Information shown ::
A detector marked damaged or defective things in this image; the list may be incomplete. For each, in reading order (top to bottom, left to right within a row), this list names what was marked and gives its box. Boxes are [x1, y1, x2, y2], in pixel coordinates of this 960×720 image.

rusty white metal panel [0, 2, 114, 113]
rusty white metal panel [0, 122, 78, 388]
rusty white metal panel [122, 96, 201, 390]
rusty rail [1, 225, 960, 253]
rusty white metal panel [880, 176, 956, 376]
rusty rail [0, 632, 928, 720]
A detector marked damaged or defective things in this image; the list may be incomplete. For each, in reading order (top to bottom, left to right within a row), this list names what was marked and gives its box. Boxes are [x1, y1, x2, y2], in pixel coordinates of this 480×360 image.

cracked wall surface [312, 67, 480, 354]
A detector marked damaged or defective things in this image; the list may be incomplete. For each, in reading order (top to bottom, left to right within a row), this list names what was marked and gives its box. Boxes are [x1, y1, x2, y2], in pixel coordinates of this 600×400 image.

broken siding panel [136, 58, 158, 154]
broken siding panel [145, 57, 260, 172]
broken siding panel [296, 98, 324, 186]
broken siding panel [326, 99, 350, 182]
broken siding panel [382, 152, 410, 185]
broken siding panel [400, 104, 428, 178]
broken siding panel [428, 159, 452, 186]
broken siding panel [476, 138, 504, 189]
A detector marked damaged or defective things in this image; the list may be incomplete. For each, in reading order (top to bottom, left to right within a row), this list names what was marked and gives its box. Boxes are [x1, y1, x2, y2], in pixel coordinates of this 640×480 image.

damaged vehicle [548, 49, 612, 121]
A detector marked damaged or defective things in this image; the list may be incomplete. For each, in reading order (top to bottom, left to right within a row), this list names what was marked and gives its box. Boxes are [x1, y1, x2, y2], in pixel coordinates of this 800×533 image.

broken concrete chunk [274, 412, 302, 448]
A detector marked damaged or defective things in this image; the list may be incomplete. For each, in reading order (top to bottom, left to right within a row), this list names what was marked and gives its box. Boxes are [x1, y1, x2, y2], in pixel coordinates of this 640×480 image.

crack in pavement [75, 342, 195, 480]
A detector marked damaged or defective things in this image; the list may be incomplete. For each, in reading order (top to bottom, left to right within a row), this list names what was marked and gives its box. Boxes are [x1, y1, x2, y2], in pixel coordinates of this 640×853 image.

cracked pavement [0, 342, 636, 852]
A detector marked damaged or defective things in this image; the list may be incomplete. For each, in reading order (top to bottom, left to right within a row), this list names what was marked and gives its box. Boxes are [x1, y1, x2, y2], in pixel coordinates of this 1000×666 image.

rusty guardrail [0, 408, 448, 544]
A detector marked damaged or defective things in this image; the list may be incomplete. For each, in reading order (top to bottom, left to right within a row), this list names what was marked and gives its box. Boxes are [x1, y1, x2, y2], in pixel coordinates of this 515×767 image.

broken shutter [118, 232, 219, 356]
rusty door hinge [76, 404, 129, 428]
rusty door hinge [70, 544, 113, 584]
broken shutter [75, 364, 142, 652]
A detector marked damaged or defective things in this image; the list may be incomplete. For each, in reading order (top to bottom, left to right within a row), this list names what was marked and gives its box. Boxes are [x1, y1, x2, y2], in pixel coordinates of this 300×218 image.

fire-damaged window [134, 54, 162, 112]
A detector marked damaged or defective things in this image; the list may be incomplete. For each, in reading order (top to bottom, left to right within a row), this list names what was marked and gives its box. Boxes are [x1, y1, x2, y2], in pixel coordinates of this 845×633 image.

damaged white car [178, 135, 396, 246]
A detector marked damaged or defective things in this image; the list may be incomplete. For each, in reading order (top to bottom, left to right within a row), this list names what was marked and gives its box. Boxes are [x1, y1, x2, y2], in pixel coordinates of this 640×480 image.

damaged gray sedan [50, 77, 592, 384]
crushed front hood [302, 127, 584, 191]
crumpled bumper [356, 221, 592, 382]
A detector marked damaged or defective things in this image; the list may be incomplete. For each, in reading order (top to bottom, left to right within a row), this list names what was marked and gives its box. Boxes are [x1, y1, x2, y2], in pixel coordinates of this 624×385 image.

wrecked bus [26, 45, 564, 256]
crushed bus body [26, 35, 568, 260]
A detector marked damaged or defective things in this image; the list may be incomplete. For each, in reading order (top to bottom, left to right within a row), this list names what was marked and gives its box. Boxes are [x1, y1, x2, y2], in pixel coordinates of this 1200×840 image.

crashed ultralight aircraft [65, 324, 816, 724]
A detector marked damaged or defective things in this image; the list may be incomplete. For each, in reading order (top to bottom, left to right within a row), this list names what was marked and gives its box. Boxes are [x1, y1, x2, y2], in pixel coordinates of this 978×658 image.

What is being asked :: Each record must be returned exactly as it is written.

Output of the exercise ::
A detector marked damaged or defective things in this image; the list may be incomplete. For each, in reading order (top to bottom, left to right within a row), this list names what was marked and gives its box. Boxes are [x1, y1, x2, y2], in pixel coordinates of this 960×720 image.

rusty white metal panel [0, 2, 114, 113]
rusty white metal panel [0, 122, 78, 388]
rusty white metal panel [122, 96, 201, 390]
rusty rail [1, 225, 960, 253]
rusty white metal panel [880, 176, 956, 376]
rusty rail [0, 632, 928, 720]
A detector marked damaged or defective things in this image; the list may be incomplete. For each, in reading order (top to bottom, left to right within a row), this list names what was marked and gives its box. Boxes are [x1, y1, x2, y2], in pixel coordinates of this 480×360 image.

cracked wall surface [312, 67, 480, 354]
A detector marked damaged or defective things in this image; the list may be incomplete. For each, in reading order (top to bottom, left to right within a row), this list names what was marked and gives its box. Boxes are [x1, y1, x2, y2], in pixel coordinates of this 600×400 image.

broken siding panel [136, 58, 158, 154]
broken siding panel [145, 57, 260, 172]
broken siding panel [296, 98, 324, 186]
broken siding panel [326, 99, 350, 182]
broken siding panel [382, 152, 410, 185]
broken siding panel [400, 104, 428, 178]
broken siding panel [428, 159, 452, 186]
broken siding panel [476, 138, 504, 189]
A detector marked damaged or defective things in this image; the list may be incomplete. For each, in reading order (top to bottom, left to right within a row), this list names what was marked and gives its box. Boxes are [x1, y1, x2, y2], in pixel coordinates of this 640×480 image.

damaged vehicle [548, 49, 612, 121]
A detector marked damaged or defective things in this image; the list may be incomplete. For each, in reading order (top to bottom, left to right within a row), this list names what was marked and gives its box. Boxes are [x1, y1, x2, y2], in pixel coordinates of this 800×533 image.

broken concrete chunk [274, 412, 302, 448]
A detector marked damaged or defective things in this image; the list may be incomplete. For each, in reading order (top to bottom, left to right within a row), this list names what was marked and gives its box. Boxes are [x1, y1, x2, y2], in pixel coordinates of this 640×480 image.

crack in pavement [75, 342, 195, 480]
A detector marked damaged or defective things in this image; the list may be incomplete. For each, in reading order (top to bottom, left to right within a row), this list names what was marked and gives its box. Boxes are [x1, y1, x2, y2], in pixel coordinates of this 640×853 image.

cracked pavement [0, 342, 636, 852]
A detector marked damaged or defective things in this image; the list may be incomplete. For each, in reading order (top to bottom, left to right within a row), this list names what was marked and gives its box. Boxes are [x1, y1, x2, y2], in pixel coordinates of this 1000×666 image.

rusty guardrail [0, 408, 448, 544]
A detector marked damaged or defective things in this image; the list may be incomplete. For each, in reading order (top to bottom, left to right within a row), this list names what was marked and gives its box. Boxes are [x1, y1, x2, y2], in pixel coordinates of this 515×767 image.

broken shutter [118, 232, 219, 356]
rusty door hinge [76, 404, 129, 428]
rusty door hinge [70, 544, 113, 584]
broken shutter [75, 364, 142, 652]
A detector marked damaged or defective things in this image; the list may be incomplete. For each, in reading order (top to bottom, left to right within a row), this list names what was marked and gives its box. Boxes are [x1, y1, x2, y2], in pixel coordinates of this 300×218 image.

fire-damaged window [134, 54, 162, 112]
A detector marked damaged or defective things in this image; the list may be incomplete. For each, in reading order (top to bottom, left to right within a row), this list names what was marked and gives its box. Boxes are [x1, y1, x2, y2], in pixel coordinates of this 845×633 image.

damaged white car [178, 135, 396, 246]
A detector marked damaged or defective things in this image; the list may be incomplete. For each, in reading order (top to bottom, left to right within a row), this list names what was marked and gives its box. Boxes are [x1, y1, x2, y2], in pixel coordinates of this 640×480 image.

damaged gray sedan [50, 77, 592, 384]
crushed front hood [302, 127, 584, 191]
crumpled bumper [356, 221, 592, 382]
A detector marked damaged or defective things in this image; the list may be incomplete. For each, in reading order (top to bottom, left to right within a row), this list names what was marked and gives its box. Boxes are [x1, y1, x2, y2], in pixel coordinates of this 624×385 image.

wrecked bus [26, 45, 564, 256]
crushed bus body [26, 35, 568, 260]
A detector marked damaged or defective things in this image; the list may be incomplete. For each, in reading order (top to bottom, left to right within a row), this list names what was marked and gives its box. Boxes are [x1, y1, x2, y2], in pixel coordinates of this 1200×840 image.

crashed ultralight aircraft [65, 324, 816, 724]
A detector marked damaged or defective things in this image; the list may be incomplete. For each, in reading order (top to bottom, left to right within a row), this list names what was marked and gives its box. Boxes are [x1, y1, x2, y2], in pixel coordinates of this 978×658 image.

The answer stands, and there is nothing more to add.